Während sich im westlichen Mopane-Buschland eher die Elefantenmütter mit ihren Jungen aufhalten, sind im östlichen Teil einige imposante alte Elefantenbullen zu Hause. Sie genießen die Abkühlung im Khwai-Fluss und lassen sich beim Trinken und Baden gut beobachten. Außerdem gibt es viele Flusspferde und große Krokodile im Khwai. Leopard, Gepard, Serval und Löwe streifen umher, und sowohl in der Khwai-Gegend als auch Xakanaxa halten sich Afrikanische Wildhunde auf. Daneben sind hier auch Giraffen, Zebras, Tsessebes (Leierantilopen) und Red-Lechwe-Antilopen zu finden. Übernachtung im Zeltcamp im Moremi-Reservat.

11.–12. Tag: Safari im Moremi-Reservat 2×(F/M/A)

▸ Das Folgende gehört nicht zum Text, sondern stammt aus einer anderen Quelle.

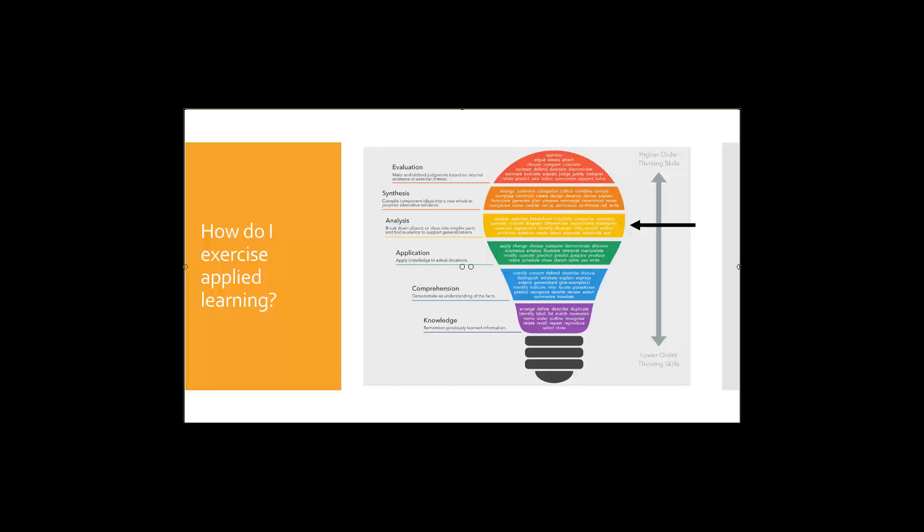So the goal here is that as you begin to study you are employing these verbs thinking beyond just the knowledge and comprehension but really being able to manipulate the information and think about how it might relate to the real world. So hopefully you're able to take this diagram and these verbs and begin to use them in your study for application.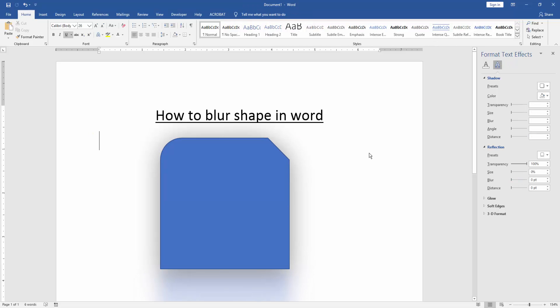Now we can see we blurred this shape very easily. I hope you enjoyed the video. Please like, comment, share, and subscribe to my YouTube channel. Thanks for watching.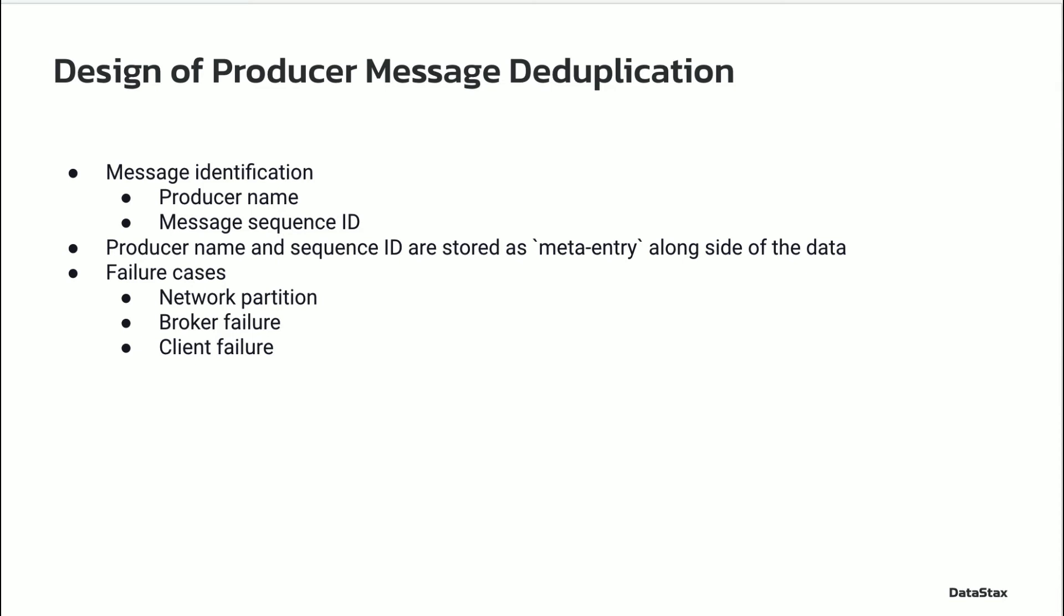Producer name and last sequence ID is not only cached in the broker's memory, it is also stored as a meta entry alongside the data. The broker periodically snapshots the last sequence ID. It is useful to reconstruct the same in-memory map of producer and sequence ID from a broker crash. The next broker who owns the topic is able to read the latest message with the sequence ID to reconstruct this in-memory map. If the producers resend any messages with a lower sequence ID, the new broker can detect these duplicates and ignore them.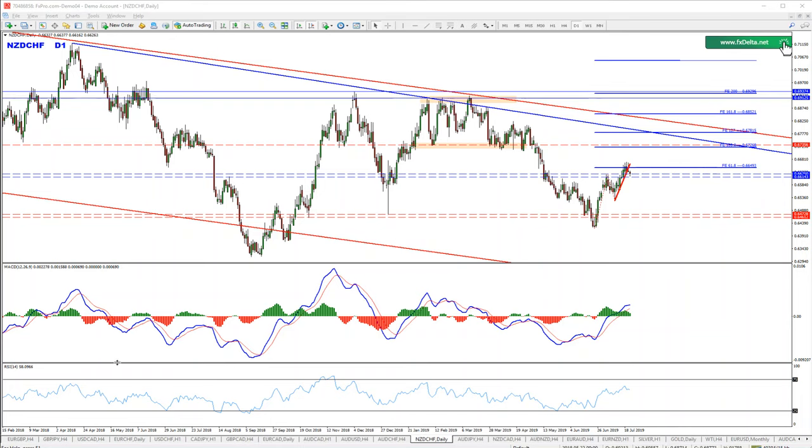Hello everyone, my name is Jordan and today we're going to discuss QE Frank possible sell opportunities here.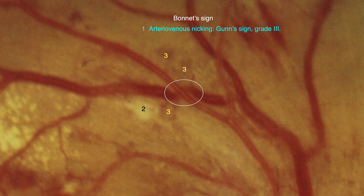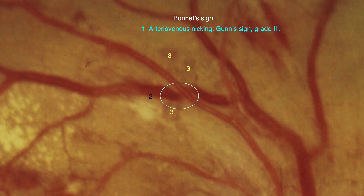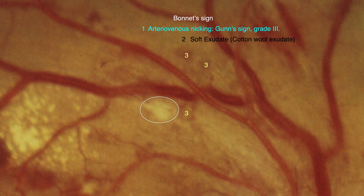Firstly, a pathological arteriovenous crossing. In this case, we can classify it as degree 3 of Guntz scale, degree 3 of the Guntz sign. This pathological arteriovenous crossing has been associated with the second component of the triad, the cotton wool exudate.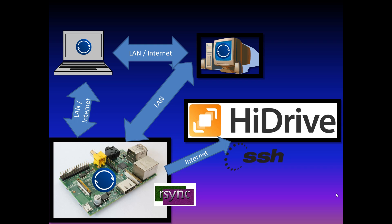It can be done in the local network or by using the internet, this depends on the location of the device. The Raspberry is running non-stop, this means the data can always be transferred via the internet.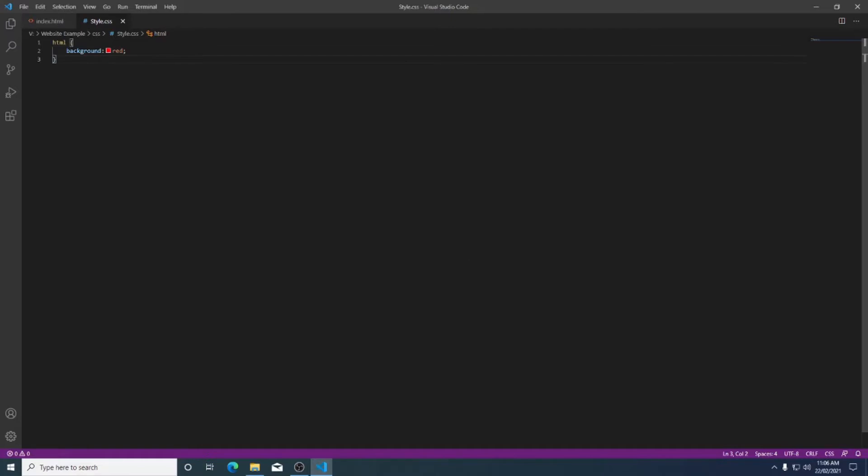So first things first, this is from our last video where we set up a red background on our HTML which covers our whole website. We don't actually want that so I'm going to delete that for now.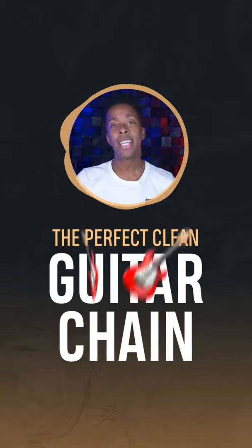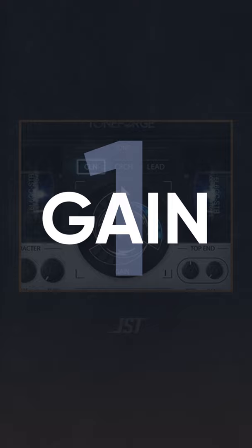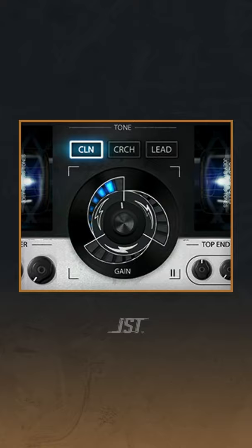Miami here with JST and here's what goes into the perfect clean guitar signal chain. One: Gain. Start by adding just enough gain, something that isn't too driven but has enough body to carry the tone.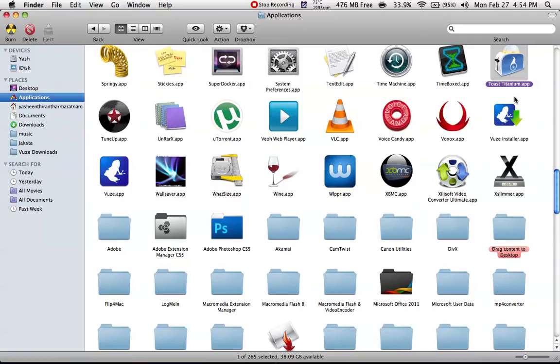You should really have this. I always use this application. So guys, that's the main thing about Toast Titanium. Thank you for your support, more videos coming. Keep in touch and bye.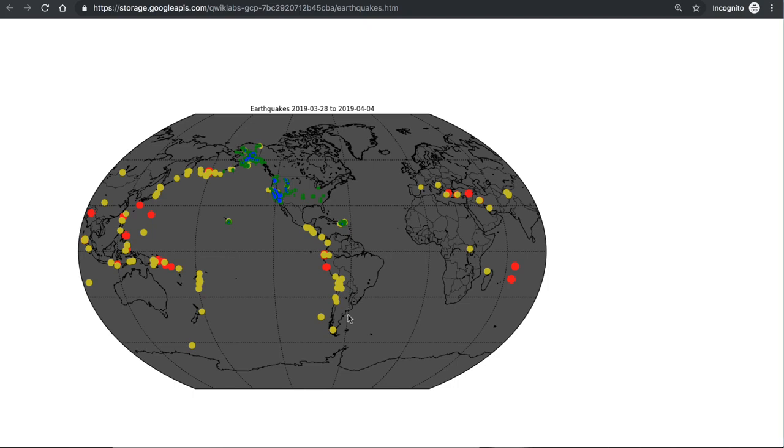But to bottom line, what did we do? We spun up a virtual machine. We carried out processing on it, and then we took those files, we copied them to cloud storage, we were able to stop the VM. VM is no longer running, but the files are still available, and we're able to serve them out.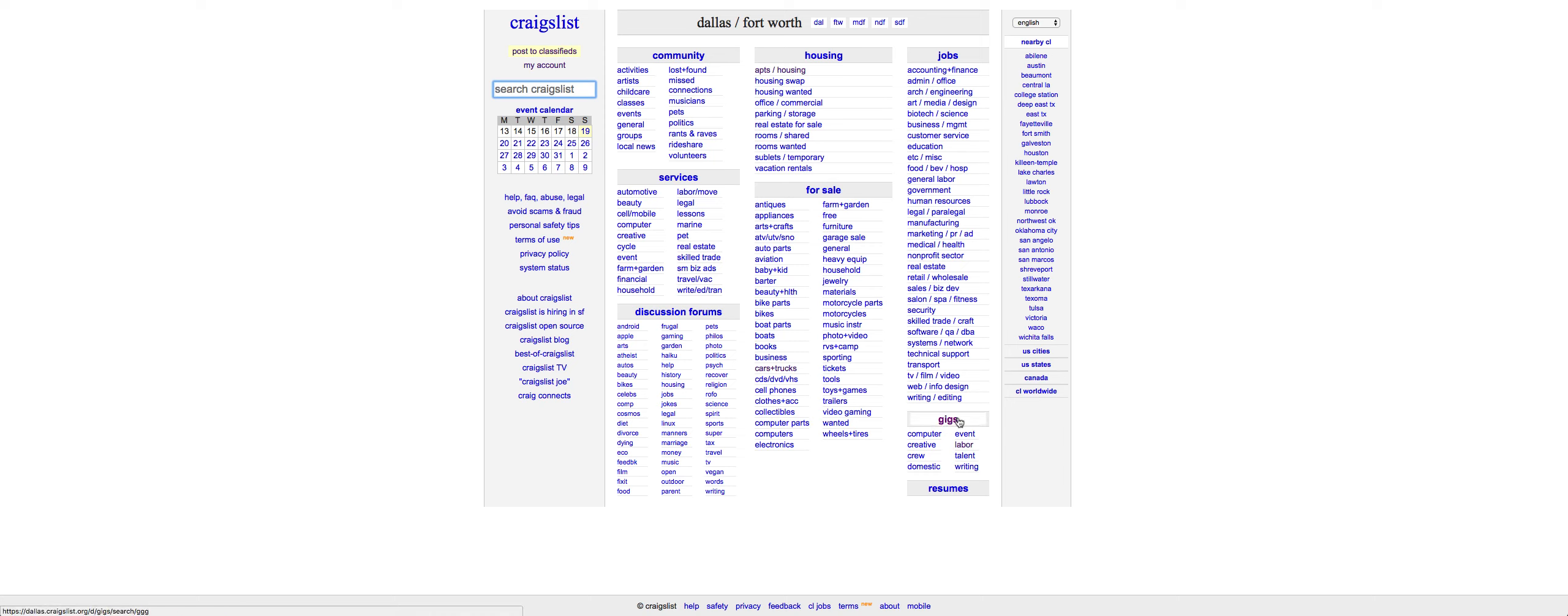And again, a lot of people who are in the labor gigs, some of them do have money. They're not completely broke if you're posting in the right area. Now if you go to the wrong area and post what I'm about to show you here, you're not going to make any money because you just posted in an area where no one has any money.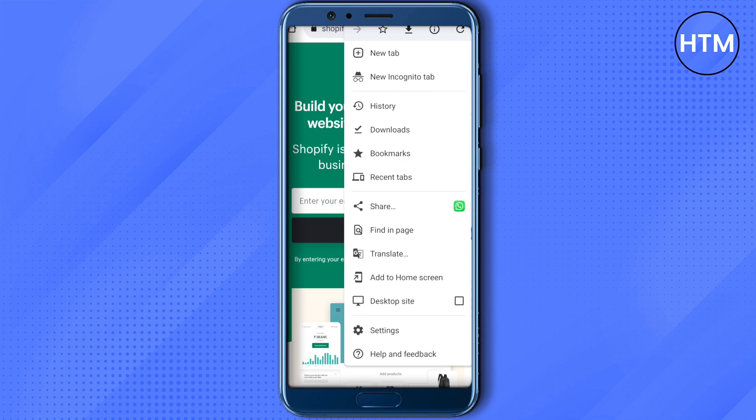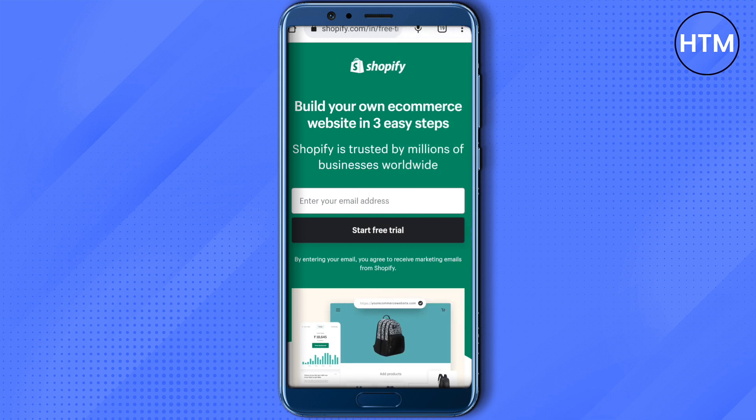If it still doesn't work, you should change your browser. Just log out of or close your Chrome browser, then go for Mozilla Firefox or try the Brave browser. After changing the browser, most people stop facing this Shopify login issue, and most probably you will also not face any problem.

Das Moremi-Reservat liegt am Ostrand des Okavango-Deltas. Hier gibt es weite Flussauen, Schwemmland, Lagunen, von Papyrusgras gesäumte Kanäle, riesige Elefantengras- und Schilfflächen, Waldgebiete und Savannen. Durch die unterschiedlichen Lebensräume ist die Vielfalt an Tier- und Vogelarten besonders groß. Sie erkunden auf Ihren Pirschfahrten die Waldgebiete Xakanaxas, Mopanewälder und das Mopane-Buschland sowie die Region San-ta-Wani mit einzelnen, rasch vergänglichen Wasserflächen, großen Schwemmebenen und Kameldorn-Akazien. Ein Teil der Route führt durch das Moremi-Reservat, ein zweiter Teil durch angrenzende Schutzgebiete, die direkt mit dem Wildreservat verbunden sind. Vogel-Fans dürfen sich auf gute Möglichkeiten zur Raubvogel-Beobachtung freuen, aber auch auf Hornbill-, Kuckucks- und Witwenvogel-Arten. Bei einer Bootsfahrt lernen Sie die Region vom Wasser aus kennen – spannende Perspektiven und abwechslungsreiche Begegnungen inklusive. 2 Übernachtungen wie am Vortag.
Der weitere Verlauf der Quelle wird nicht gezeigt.